Effect of this interpretation on the timing of termination of grants of rights in contracts to create works in the future

For works already in being at the time of the conclusion of a post-1977 agreement, the copyrights exist, and the grant of the transfer or license of copyright therefore is “executed” with the conclusion of the agreement: The time clock starts running from the date of the contract.  Thus, there is no gap between signature and “execution.”  But when the agreement provides for the future creation of works, the above analysis indicates that the termination time clock starts running not from the date of the agreement, but from the date of creation.  This start date may, however, pose practical problems.  The date the contract was signed provides a readily ascertainable starting point for calculating when to send a notice of termination.  The date of creation of the work may prove more elusive.  While the statute offers evidence of Congress’s expectation that the author should be able to identify the year date of creation,7 the Sec. 203 termination clock starts ticking on the actual date.  Authors’ abilities to recall or document the month and day on which they completed creating a work may be more uncertain.  But this objection could equally well apply to oral or inferred-from-conduct non-exclusive licenses: The date of their “execution” may be equally if not more unsusceptible to reliable documentation, yet the statute clearly provides for the termination of such licenses.

Policy considerations

Timing termination from the date of creation when the contract was entered into before the work was created seems consistent with the general structure and policy of statutory termination rights.  The text of the statute8 and its legislative history amply demonstrate Congress’s intent that authors should enjoy enforceable termination rights.  The statute should be interpreted to cover as many works as possible (other than works made for hire).  In the case of pre-1978 agreements to transfer rights in works not created until 1978 or later, no creative interpretation is even necessary: The plain words of the statute bring these works within the scope of the Sec. 203 termination right.

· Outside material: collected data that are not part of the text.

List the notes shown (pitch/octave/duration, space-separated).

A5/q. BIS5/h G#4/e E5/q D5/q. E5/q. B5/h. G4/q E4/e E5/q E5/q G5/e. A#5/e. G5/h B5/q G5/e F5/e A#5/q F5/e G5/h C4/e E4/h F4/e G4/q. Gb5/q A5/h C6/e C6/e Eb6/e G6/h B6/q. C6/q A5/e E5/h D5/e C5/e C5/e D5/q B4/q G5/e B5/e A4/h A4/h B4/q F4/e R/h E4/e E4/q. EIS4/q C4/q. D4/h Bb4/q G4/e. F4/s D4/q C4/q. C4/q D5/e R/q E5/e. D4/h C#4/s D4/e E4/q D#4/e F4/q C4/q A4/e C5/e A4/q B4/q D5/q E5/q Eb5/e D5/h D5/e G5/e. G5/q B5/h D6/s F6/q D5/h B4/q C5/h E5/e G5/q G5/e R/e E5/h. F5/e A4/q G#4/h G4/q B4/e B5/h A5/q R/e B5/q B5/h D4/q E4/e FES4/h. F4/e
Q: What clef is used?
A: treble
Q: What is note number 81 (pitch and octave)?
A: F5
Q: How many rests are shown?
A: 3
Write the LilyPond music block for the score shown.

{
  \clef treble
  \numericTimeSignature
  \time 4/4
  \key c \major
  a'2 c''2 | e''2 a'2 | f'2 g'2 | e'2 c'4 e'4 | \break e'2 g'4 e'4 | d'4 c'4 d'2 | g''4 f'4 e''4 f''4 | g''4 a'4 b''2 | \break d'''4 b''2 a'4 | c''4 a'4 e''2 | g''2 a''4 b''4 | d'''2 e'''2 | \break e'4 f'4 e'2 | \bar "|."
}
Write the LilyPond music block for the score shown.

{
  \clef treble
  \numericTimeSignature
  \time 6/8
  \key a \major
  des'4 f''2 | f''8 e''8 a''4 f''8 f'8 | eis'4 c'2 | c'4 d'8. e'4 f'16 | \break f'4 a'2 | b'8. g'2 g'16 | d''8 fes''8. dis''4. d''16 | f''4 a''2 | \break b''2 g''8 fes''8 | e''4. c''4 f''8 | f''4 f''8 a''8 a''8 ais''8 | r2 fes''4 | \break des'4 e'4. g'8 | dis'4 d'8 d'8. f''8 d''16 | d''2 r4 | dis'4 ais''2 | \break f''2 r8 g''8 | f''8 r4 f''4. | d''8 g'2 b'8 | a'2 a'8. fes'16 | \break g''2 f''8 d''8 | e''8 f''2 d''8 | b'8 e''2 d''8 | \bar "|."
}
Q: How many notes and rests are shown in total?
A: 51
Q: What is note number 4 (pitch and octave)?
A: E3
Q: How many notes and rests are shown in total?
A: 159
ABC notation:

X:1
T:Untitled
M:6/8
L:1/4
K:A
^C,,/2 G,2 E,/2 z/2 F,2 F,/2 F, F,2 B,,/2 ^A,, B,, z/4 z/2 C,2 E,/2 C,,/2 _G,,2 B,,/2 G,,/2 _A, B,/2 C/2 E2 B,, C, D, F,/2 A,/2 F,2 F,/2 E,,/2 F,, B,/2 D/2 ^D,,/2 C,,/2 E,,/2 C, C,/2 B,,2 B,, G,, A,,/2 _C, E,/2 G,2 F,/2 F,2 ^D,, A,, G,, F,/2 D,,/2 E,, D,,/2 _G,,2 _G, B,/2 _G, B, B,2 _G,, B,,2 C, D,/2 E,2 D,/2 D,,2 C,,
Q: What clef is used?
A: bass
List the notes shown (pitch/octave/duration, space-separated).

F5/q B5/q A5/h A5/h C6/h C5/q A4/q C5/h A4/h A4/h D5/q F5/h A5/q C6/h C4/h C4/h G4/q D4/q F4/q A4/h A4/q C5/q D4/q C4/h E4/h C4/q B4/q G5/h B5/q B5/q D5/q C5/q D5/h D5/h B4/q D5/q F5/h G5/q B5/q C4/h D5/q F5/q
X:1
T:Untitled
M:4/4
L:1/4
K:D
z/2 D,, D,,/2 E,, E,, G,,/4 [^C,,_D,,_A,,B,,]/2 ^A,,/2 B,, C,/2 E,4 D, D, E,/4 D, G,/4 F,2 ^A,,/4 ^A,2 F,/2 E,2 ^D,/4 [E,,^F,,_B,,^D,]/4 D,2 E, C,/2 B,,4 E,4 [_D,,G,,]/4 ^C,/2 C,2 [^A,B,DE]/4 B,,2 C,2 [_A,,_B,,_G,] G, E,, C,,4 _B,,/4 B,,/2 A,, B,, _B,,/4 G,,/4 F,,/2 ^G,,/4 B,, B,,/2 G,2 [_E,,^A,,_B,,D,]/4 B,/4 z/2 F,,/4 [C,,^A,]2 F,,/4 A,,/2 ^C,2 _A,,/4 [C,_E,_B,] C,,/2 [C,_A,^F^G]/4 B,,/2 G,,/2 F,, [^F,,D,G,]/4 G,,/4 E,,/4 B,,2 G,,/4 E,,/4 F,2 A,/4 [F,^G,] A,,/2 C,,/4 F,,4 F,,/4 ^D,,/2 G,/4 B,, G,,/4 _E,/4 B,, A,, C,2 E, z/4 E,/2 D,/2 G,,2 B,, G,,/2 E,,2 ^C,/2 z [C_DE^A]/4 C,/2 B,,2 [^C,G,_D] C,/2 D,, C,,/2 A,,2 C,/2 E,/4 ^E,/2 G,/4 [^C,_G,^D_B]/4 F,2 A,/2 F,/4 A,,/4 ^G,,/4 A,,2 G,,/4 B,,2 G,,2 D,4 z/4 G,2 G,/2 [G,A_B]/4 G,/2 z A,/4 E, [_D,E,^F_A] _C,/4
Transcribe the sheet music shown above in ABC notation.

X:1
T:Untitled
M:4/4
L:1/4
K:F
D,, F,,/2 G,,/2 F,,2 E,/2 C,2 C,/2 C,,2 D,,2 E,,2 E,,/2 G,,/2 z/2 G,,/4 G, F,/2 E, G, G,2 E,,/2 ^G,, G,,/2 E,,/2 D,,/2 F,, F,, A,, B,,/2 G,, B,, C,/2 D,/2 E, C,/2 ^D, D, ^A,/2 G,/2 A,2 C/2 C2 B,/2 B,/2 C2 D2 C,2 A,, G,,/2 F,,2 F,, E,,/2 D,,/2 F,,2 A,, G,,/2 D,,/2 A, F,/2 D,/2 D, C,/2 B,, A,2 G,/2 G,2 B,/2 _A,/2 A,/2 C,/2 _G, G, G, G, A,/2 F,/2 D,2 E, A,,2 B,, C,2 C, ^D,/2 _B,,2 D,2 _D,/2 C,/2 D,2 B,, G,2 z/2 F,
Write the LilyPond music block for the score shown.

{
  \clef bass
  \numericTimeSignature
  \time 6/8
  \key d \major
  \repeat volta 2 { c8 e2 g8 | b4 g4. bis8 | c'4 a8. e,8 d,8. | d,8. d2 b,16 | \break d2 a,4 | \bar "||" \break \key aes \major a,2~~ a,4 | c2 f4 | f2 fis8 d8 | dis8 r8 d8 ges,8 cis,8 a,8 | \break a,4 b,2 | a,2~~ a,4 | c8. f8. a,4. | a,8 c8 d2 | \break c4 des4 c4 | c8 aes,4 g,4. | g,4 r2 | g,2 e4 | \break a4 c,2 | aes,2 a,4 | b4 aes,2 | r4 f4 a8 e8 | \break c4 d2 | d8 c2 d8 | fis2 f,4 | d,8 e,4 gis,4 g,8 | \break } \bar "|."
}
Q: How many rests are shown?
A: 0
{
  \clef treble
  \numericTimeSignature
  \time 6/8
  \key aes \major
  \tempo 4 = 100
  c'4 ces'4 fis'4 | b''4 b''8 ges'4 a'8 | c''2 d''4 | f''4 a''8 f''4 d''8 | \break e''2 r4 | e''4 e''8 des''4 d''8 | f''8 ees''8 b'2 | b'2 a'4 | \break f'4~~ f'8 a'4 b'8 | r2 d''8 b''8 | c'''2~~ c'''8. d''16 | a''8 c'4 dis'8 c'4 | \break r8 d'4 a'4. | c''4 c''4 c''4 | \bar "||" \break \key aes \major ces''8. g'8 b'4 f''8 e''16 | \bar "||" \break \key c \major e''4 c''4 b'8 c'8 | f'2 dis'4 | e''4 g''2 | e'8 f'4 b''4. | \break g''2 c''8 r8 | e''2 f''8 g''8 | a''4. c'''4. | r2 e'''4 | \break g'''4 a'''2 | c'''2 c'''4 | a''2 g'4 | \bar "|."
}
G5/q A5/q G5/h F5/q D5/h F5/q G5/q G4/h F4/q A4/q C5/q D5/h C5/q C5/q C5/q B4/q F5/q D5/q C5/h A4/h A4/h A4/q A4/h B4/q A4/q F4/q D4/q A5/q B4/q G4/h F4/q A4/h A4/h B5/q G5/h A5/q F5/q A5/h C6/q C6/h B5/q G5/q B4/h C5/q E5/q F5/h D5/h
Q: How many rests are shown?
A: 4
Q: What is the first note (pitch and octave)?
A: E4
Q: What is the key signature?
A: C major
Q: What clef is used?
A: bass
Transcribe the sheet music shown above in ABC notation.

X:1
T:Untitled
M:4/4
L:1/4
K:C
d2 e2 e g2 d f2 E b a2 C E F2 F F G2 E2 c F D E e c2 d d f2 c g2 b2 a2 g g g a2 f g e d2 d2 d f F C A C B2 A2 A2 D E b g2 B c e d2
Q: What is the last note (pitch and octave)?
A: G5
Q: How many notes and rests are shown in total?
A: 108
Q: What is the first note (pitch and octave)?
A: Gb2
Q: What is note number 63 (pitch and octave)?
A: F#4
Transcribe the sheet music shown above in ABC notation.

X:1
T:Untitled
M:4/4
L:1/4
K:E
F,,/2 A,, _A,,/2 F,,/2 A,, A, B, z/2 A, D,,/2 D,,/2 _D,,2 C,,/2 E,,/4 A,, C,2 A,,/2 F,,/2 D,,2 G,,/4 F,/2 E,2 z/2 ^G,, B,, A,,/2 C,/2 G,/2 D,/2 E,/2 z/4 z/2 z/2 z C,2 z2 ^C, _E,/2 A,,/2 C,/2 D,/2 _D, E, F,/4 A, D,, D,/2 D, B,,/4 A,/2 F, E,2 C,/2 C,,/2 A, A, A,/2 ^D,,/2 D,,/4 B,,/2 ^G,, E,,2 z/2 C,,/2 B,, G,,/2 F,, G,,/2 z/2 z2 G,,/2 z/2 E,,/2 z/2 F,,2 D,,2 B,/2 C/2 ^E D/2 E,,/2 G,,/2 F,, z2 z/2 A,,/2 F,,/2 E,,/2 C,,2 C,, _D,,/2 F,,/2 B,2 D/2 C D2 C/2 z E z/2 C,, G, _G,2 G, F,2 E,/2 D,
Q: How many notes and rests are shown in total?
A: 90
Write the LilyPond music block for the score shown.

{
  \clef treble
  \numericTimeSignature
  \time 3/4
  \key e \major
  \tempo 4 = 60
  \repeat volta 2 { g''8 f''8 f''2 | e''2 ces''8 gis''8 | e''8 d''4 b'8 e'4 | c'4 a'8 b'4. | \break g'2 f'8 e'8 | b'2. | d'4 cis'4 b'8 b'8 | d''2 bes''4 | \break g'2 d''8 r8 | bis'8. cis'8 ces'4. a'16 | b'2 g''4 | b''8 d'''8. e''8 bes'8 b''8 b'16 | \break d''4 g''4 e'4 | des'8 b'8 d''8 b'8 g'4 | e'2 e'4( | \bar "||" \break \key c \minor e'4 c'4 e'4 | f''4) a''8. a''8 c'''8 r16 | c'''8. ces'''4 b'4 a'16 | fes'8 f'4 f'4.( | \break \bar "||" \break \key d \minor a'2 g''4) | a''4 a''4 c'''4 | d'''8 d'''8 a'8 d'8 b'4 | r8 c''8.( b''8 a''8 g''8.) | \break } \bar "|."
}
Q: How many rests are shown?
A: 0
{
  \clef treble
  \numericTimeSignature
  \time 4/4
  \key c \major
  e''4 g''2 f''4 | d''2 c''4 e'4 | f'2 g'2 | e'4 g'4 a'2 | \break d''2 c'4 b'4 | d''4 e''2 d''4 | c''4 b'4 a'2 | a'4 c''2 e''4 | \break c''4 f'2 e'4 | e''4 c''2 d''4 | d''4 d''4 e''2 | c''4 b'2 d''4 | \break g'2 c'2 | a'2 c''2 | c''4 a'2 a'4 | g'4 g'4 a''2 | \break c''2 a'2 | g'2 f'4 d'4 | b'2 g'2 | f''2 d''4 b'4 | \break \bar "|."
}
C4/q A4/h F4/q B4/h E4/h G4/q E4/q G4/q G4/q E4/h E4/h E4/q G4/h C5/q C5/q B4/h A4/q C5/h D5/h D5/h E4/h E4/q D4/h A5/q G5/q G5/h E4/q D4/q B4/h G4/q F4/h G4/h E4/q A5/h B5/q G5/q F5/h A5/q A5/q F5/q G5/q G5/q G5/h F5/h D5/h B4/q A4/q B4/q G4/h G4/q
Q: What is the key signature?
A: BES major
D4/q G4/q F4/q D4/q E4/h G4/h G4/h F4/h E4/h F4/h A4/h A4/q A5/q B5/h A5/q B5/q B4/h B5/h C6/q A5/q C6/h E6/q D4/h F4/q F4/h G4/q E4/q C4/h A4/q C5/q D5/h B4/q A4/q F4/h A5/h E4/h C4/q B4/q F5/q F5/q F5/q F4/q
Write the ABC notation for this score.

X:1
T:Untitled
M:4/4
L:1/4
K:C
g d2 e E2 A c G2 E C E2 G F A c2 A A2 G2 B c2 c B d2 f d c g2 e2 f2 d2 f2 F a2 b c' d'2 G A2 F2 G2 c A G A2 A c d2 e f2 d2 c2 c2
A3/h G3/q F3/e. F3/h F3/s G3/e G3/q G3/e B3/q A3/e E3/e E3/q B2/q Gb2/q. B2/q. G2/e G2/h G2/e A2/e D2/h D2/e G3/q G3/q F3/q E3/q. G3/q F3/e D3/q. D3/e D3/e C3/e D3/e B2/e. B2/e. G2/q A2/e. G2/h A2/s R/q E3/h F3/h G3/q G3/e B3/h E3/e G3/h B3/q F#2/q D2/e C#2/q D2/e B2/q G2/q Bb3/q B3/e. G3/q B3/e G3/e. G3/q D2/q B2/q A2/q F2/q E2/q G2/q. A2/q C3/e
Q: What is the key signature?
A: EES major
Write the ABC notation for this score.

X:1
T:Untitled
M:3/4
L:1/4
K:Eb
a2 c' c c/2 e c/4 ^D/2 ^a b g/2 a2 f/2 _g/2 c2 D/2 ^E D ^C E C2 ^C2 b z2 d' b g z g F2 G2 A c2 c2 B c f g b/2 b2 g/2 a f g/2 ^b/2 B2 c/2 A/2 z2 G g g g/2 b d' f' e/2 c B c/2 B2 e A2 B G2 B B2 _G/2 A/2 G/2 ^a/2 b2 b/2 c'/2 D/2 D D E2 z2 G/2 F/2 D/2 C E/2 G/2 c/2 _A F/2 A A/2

In the case of post-1978 agreements for works yet to be created at the time of the contract, timing termination rights from the date of creation, rather than the date the agreement was entered into, can make a significant practical difference.  Suppose, for example, a contract entered into in 1980 in which the author agrees to write and transfer publication and other copyright rights in four books.  The author writes the works over the next 20 years, delivering them in 1985, 1990, 1995 and 2000 respectively.  If the termination time clock runs from 1980, then the author may terminate the grant of all rights in all books in 2020; the publisher will have owned the rights not for the earlier of 35 years from publication or 40 years from “execution of the grant,” as provided in Sec. 203(a)(3), but for 35, 30, 25, and 20 years respectively.9  If the time clock runs from the creation of each work, then the publisher will have the rights for at least 35 years for each book.

If one interprets Sec. 203 as assuring publishers 35-40 years of quiet enjoyment of the transferred rights under copyright (the publisher may, of course, agree to grant the rights back much earlier, for example through an out-of-print clause), then designating an “execution” date for the grant that will shorten the interval before termination would seem inconsistent with the statutory scheme.  On the other hand, if the publisher offers a contract that commits the author to create and transfer rights in several works over the course of time, perhaps the publisher has assumed the risk that the later the author delivers the contracted-for works, the less time the publisher will have to enjoy the grant before the author’s termination rights vest.